Problem requirements:
Output begins at the line with "Hi everyone, welcome" and ends at the last line of the records below. Copy each line in that span exactly, and leave out pictures.

Extracted data:
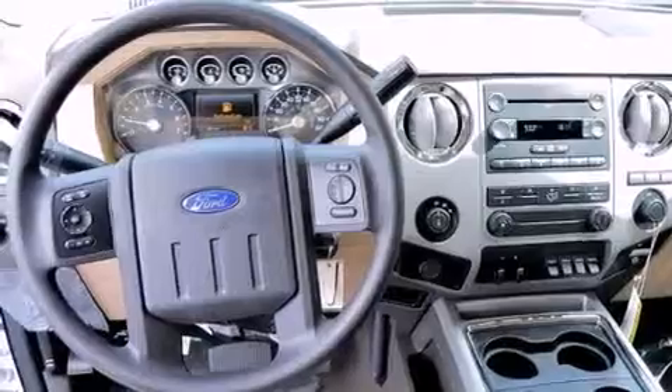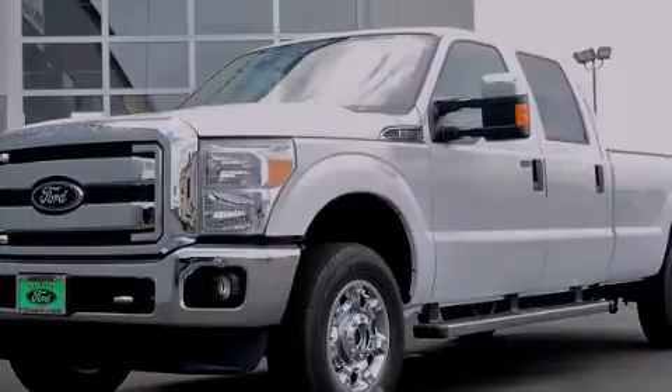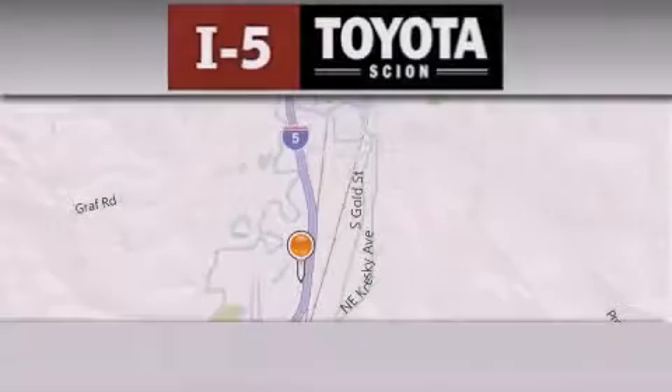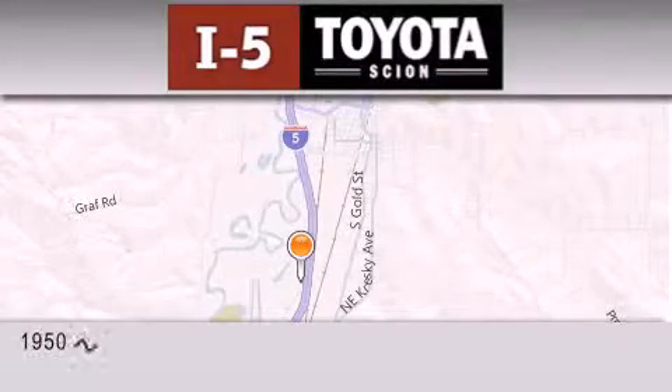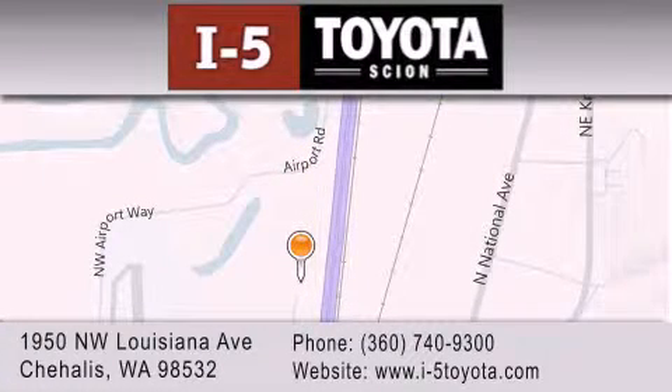Contact us today and schedule your opportunity to see this vehicle in person. I-5 Toyota is located at 1950 Northwest Louisiana Avenue in Sure Hales. Our goal is to exceed all of your expectations to ensure that you'll return for future visits.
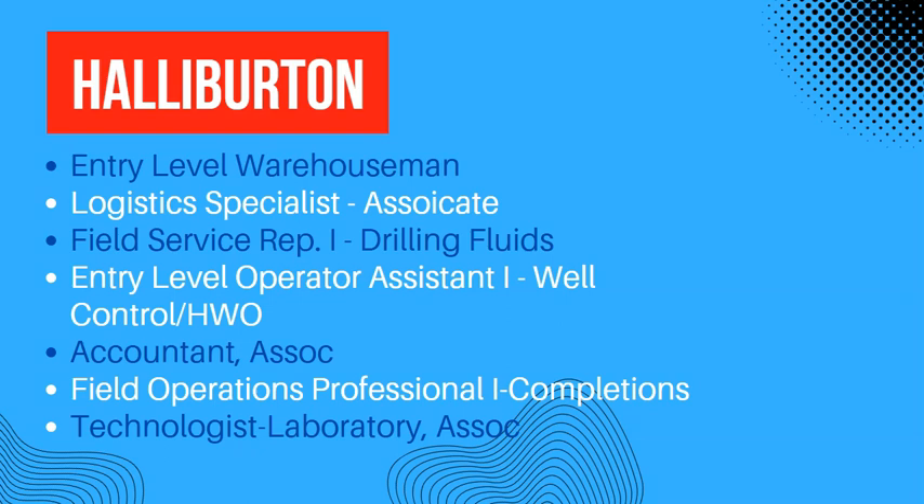Here we have an entry-level warehouse person, logistics specialist, field service representative level 1. If you are looking for a job in the drilling section, there is an entry-level operator assistant in the oil control division.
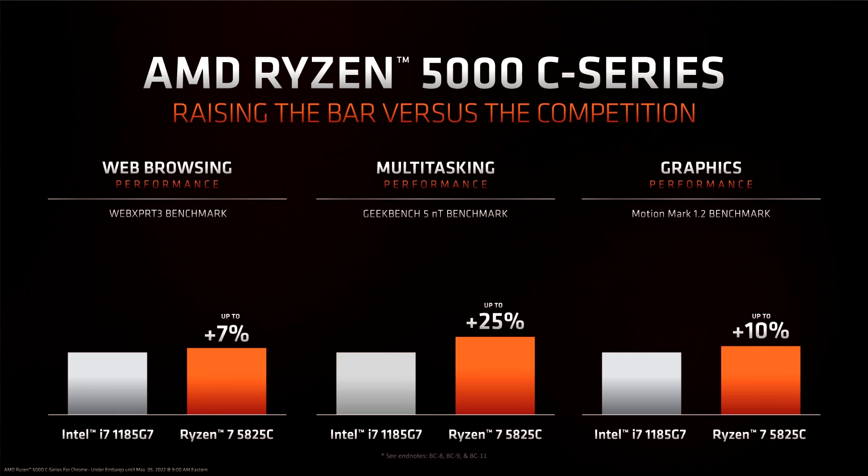AMD's newly announced APUs will debut on the HP Elite C645 G2 Chromebook in June. Acer will also release the Chromebook Spin 514 featuring up to the Ryzen 5000C later this year. Other OEMs are also expected to release Chromebooks with AMD Ryzen 5000C chips.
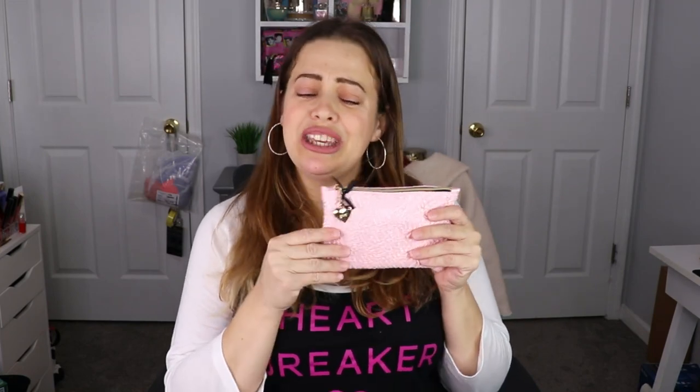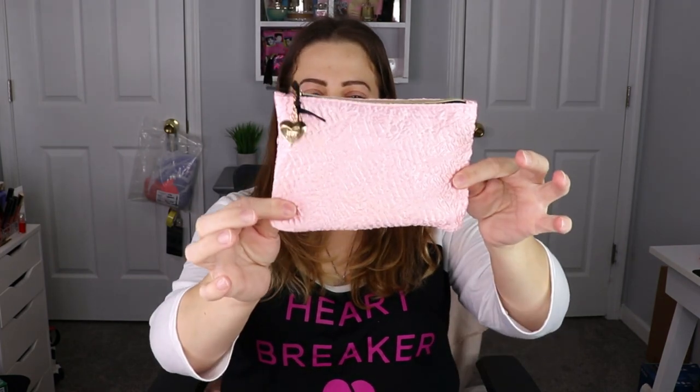Hello everyone, welcome back to my channel! In today's video I have an Ipsy unbagging for you guys for the month of February. This bag is really cute — I love the pink, so pretty, and it has a little heart Ipsy tab with a bow. Very classy. I love the bag — some bags I'm just like 'meh,' but this one I love. I think it's really pretty.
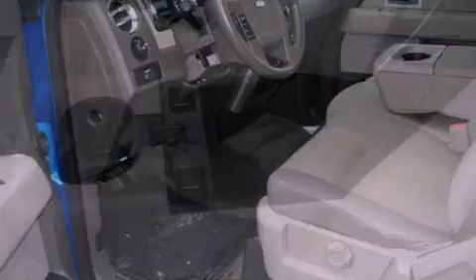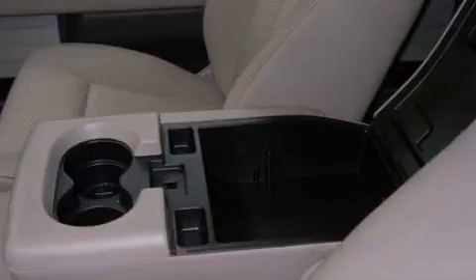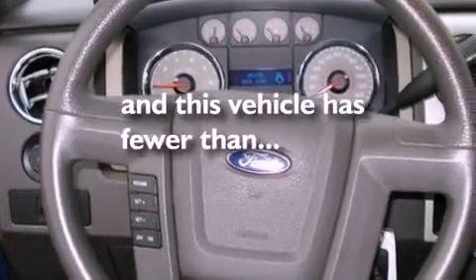An engine immobilizer theft deterrent system, 12-volt power outlets, an anti-lock braking system, side curtain airbags, air conditioning. And this vehicle has less than 35,000 miles.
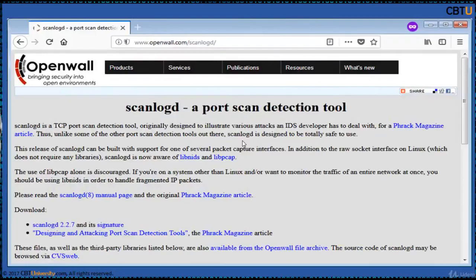ScanlogD is a TCP port scan detection tool and can be built with support for one of several packet capture interfaces. ScanlogD is aware of libnids and libpcap. Use libnids as it can also handle fragmented packets.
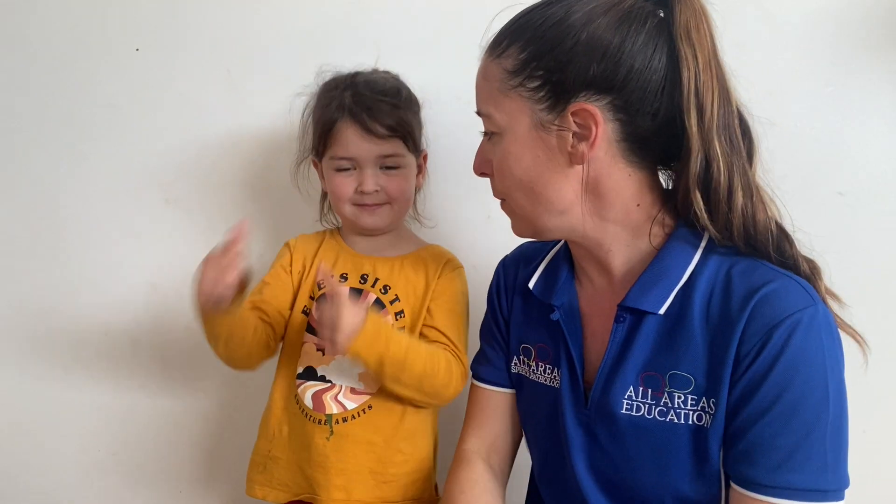Hi everyone, welcome to Wednesday's sign of the week. I'm Danika, and your name is — K for Kaya. Beautiful signing, Kaya! Kaya doesn't have a sign name so we're just going to make the K at the start of her name. Last week we were doing some grouping of signs that go with particular topics — we did the beach. And today, we're on the Central Coast and currently in lockdown.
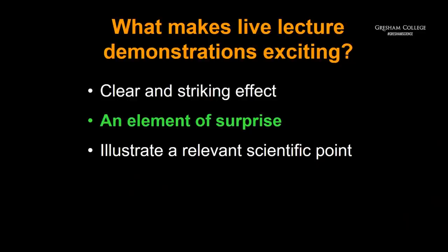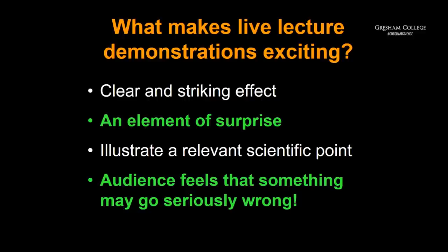Science lectures often have demonstrations, so the question comes up: what makes a good demonstration? The first thing is that it should be a clear and striking effect. There should be an element of surprise, it should make a relevant scientific point, and most importantly the audience has to feel that something might go seriously wrong. So what I thought I would do is, since this place isn't really set up for chemistry demonstrations, I would do what is more perhaps an engineering demonstration with a £20 note.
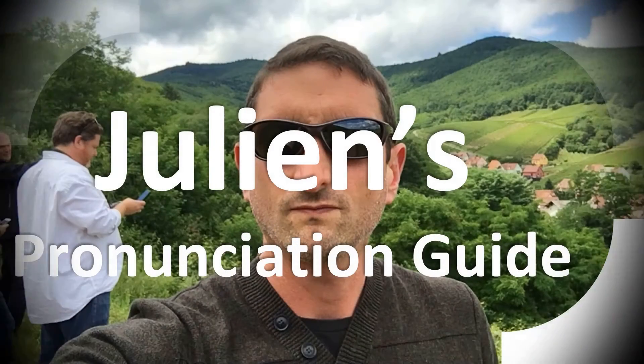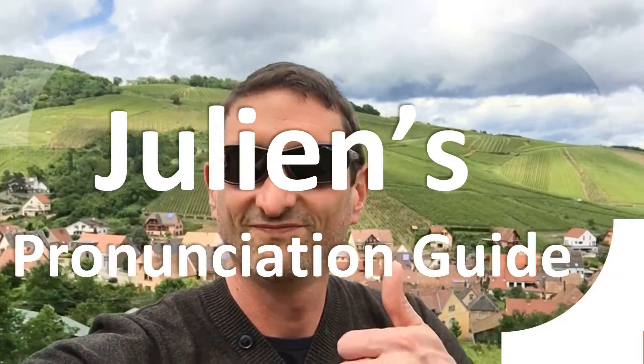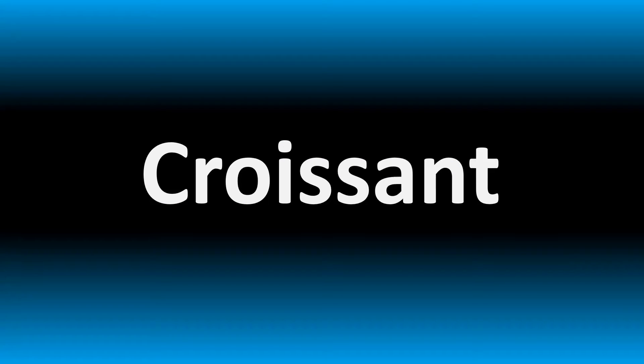You are looking at Julian's pronunciation guide, where we look at how to pronounce better some of the most mispronounced words in the world, like this other curious word. But how do you say what you're looking for today?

Reply to the task:
Hi everyone, welcome to Wednesday's sign of the week. I'm Danika, and your name is — K for Kaya. Beautiful signing, Kaya! Kaya doesn't have a sign name so we're just going to make the K at the start of her name. Last week we were doing some grouping of signs that go with particular topics — we did the beach. And today, we're on the Central Coast and currently in lockdown.
Science lectures often have demonstrations, so the question comes up: what makes a good demonstration? The first thing is that it should be a clear and striking effect. There should be an element of surprise, it should make a relevant scientific point, and most importantly the audience has to feel that something might go seriously wrong. So what I thought I would do is, since this place isn't really set up for chemistry demonstrations, I would do what is more perhaps an engineering demonstration with a £20 note.
You are looking at Julian's pronunciation guide, where we look at how to pronounce better some of the most mispronounced words in the world, like this other curious word. But how do you say what you're looking for today?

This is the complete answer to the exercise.